← Work

Case study

VoiceGuard

An on-device engine that detects AI-generated callers in real time by analysing audio — not phone numbers.

Published
May 2026
Role
Solo engineer
Timeline
2026 · ongoing
Tools
Kotlin, TensorFlow Lite, Android
Visit project →

Problem

Number-based spam filters have a blind spot: they can’t detect a caller whose voice is synthesised on the fly. Modern voice-phishing attacks use text-to-speech and voice-conversion tools that no blocklist will ever catch. The threat arrives looking like a human and sounding like one.

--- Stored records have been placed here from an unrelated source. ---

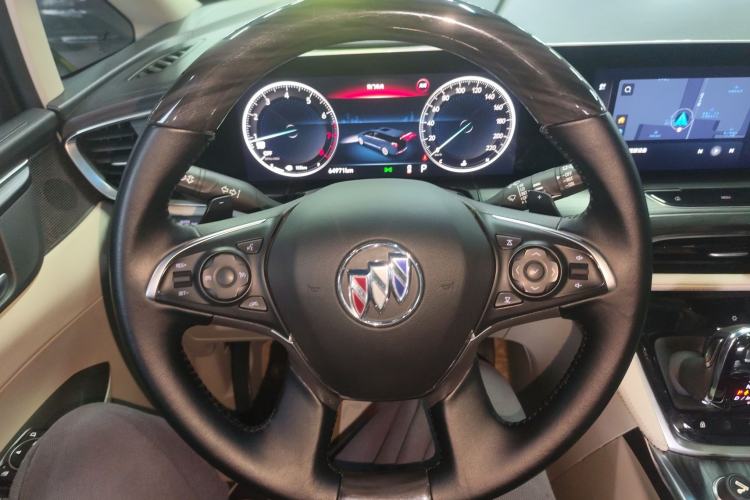 Used Buick GL8 2022 ES Landtrek 653T Comfort Edition Steering Wheel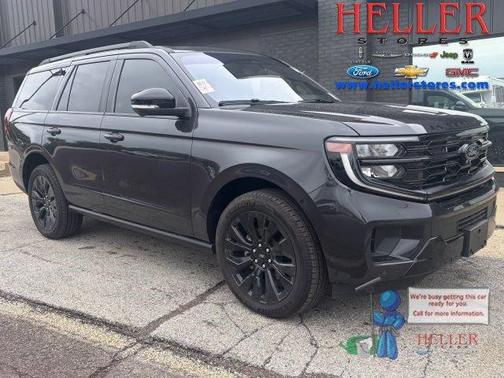 Gray Metallic 2025 Ford Expedition Platinum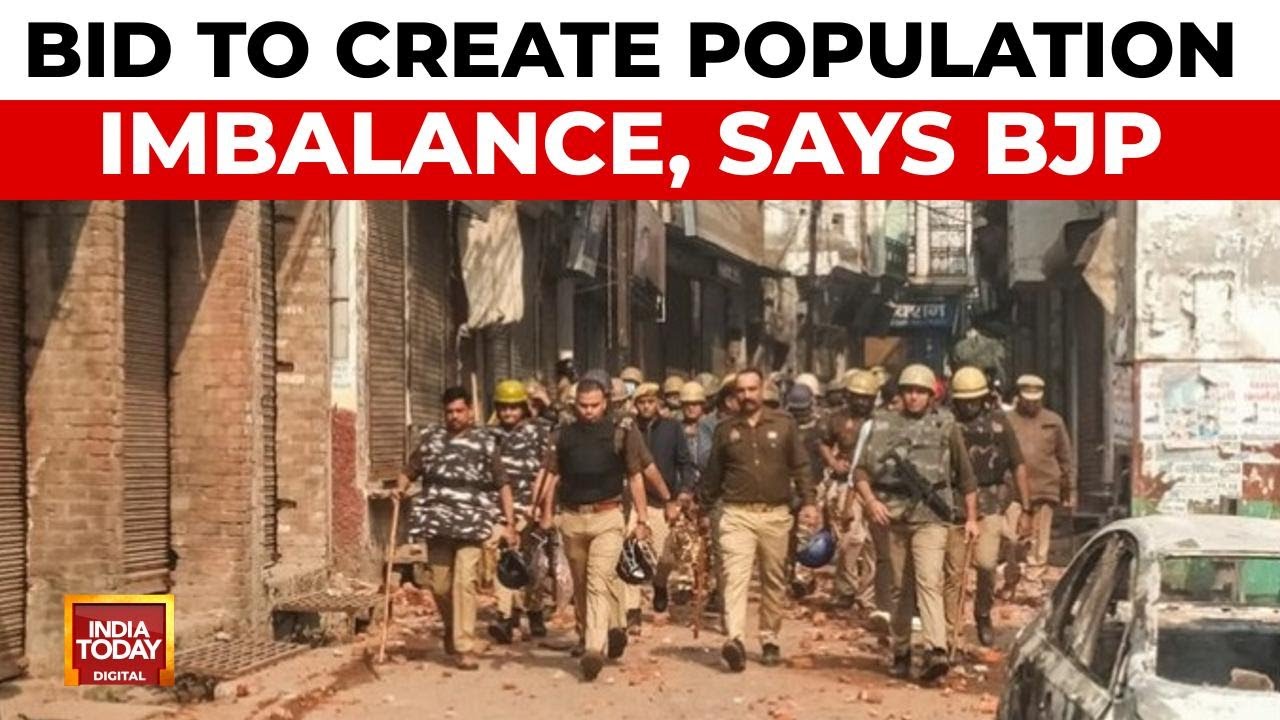 Sambhal Riots Report: Hindu Population Dip Sparks Political Row Over 'Terror Hub' Claims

VoiceGuard is a research engine that moves the detection down to the audio stream itself — running entirely on the device, with no data leaving it.

Approach

The engine combines three complementary signals to distinguish a human caller from an AI one:

  • Behavioural latency — real conversations have irregular turn-taking gaps; AI pipelines tend to be suspiciously consistent.
  • Background-noise linearity — synthesised audio often has artificially clean silence or a looped ambient track.
  • Spectral artifacts — a lightweight TensorFlow Lite model flags the anomalies that neural vocoders leave in the frequency domain.

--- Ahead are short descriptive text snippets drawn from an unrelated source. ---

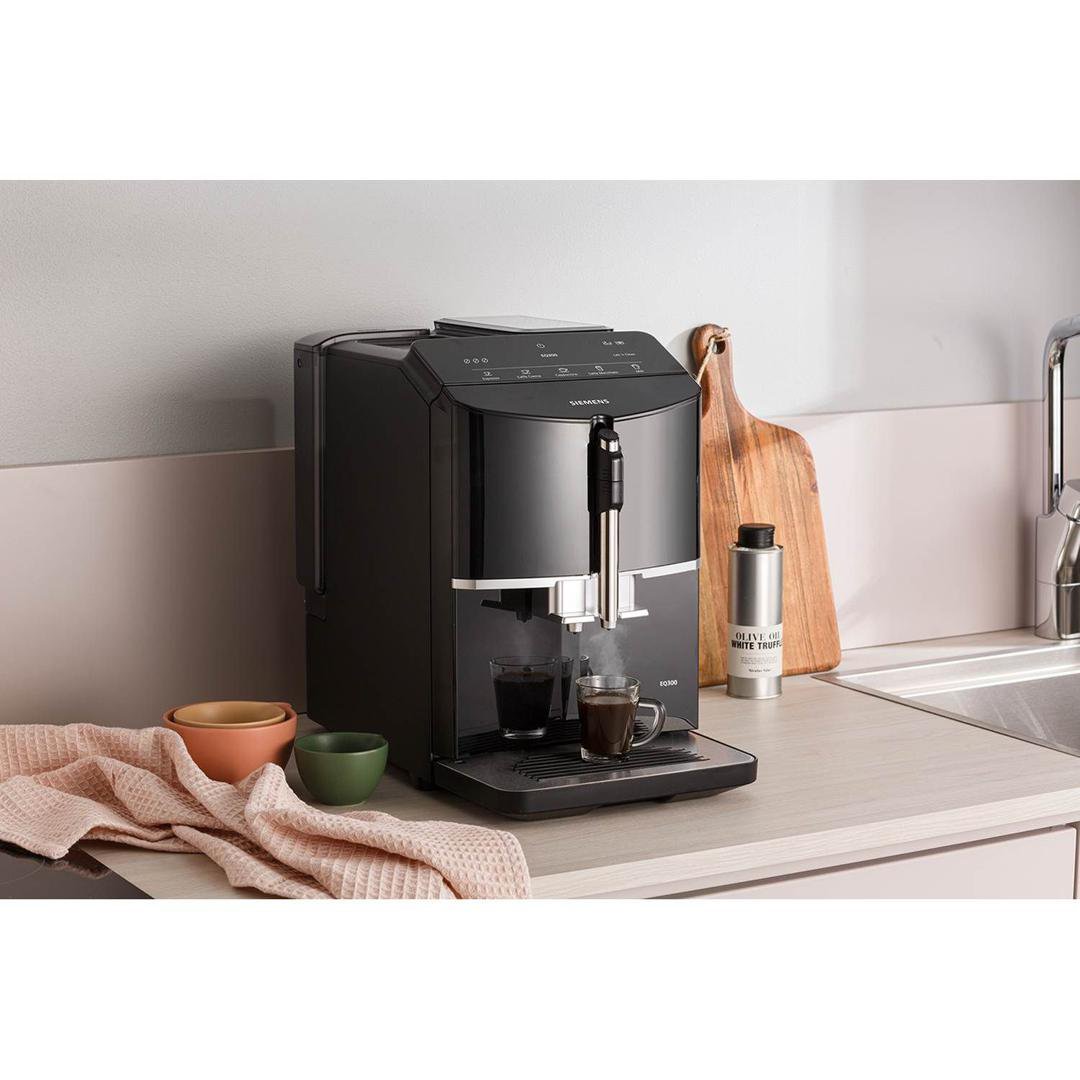 SELT / SOLD Siemens EQ 300 Espresso kaffivél - 2 stk til 3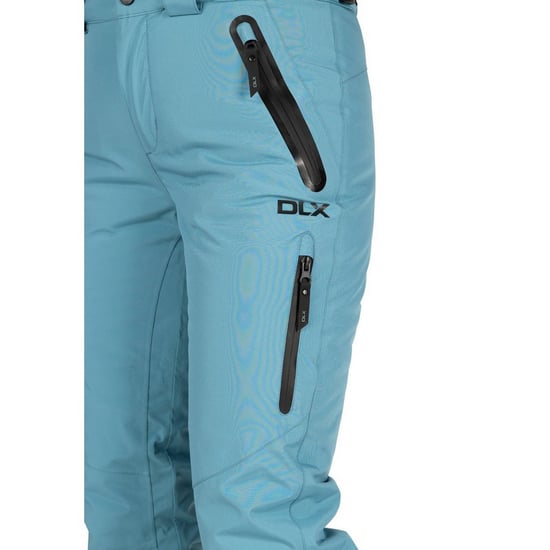 Womens/Ladies Marisol II DLX Waterproof Ski Trousers (Storm Blue) - Image 3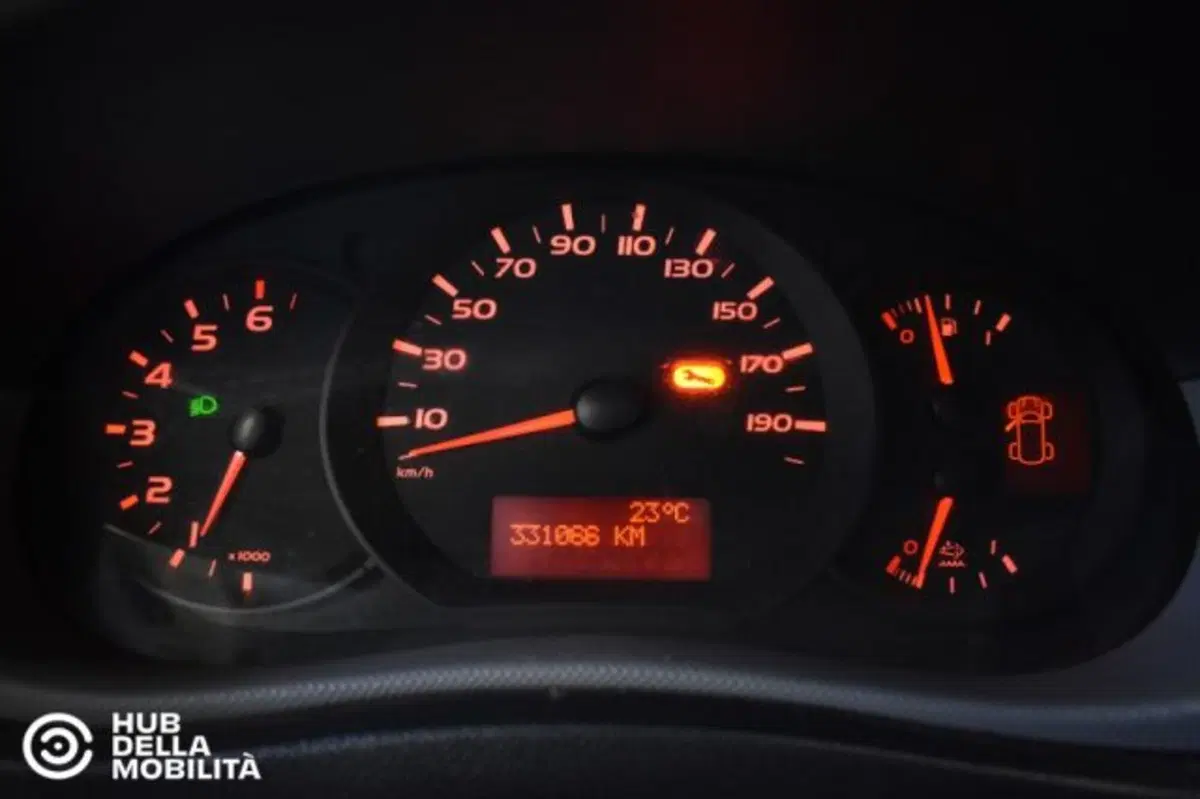 Renault Master Telaio usata a Perugia (11)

None of these signals is reliable alone. Together, with a short analysis window, they push detection accuracy above 85% at under 50 ms per chunk.

Architecture

The engine follows a hexagonal architecture in Kotlin, with Coroutines and StateFlow keeping the audio pipeline non-blocking. The ML model runs on-device via TensorFlow Lite — no network call, no latency budget eaten by a round trip.

Status

Currently specification-first: the product requirements document is guiding the initial R&D phase, with the detection pipeline under active development.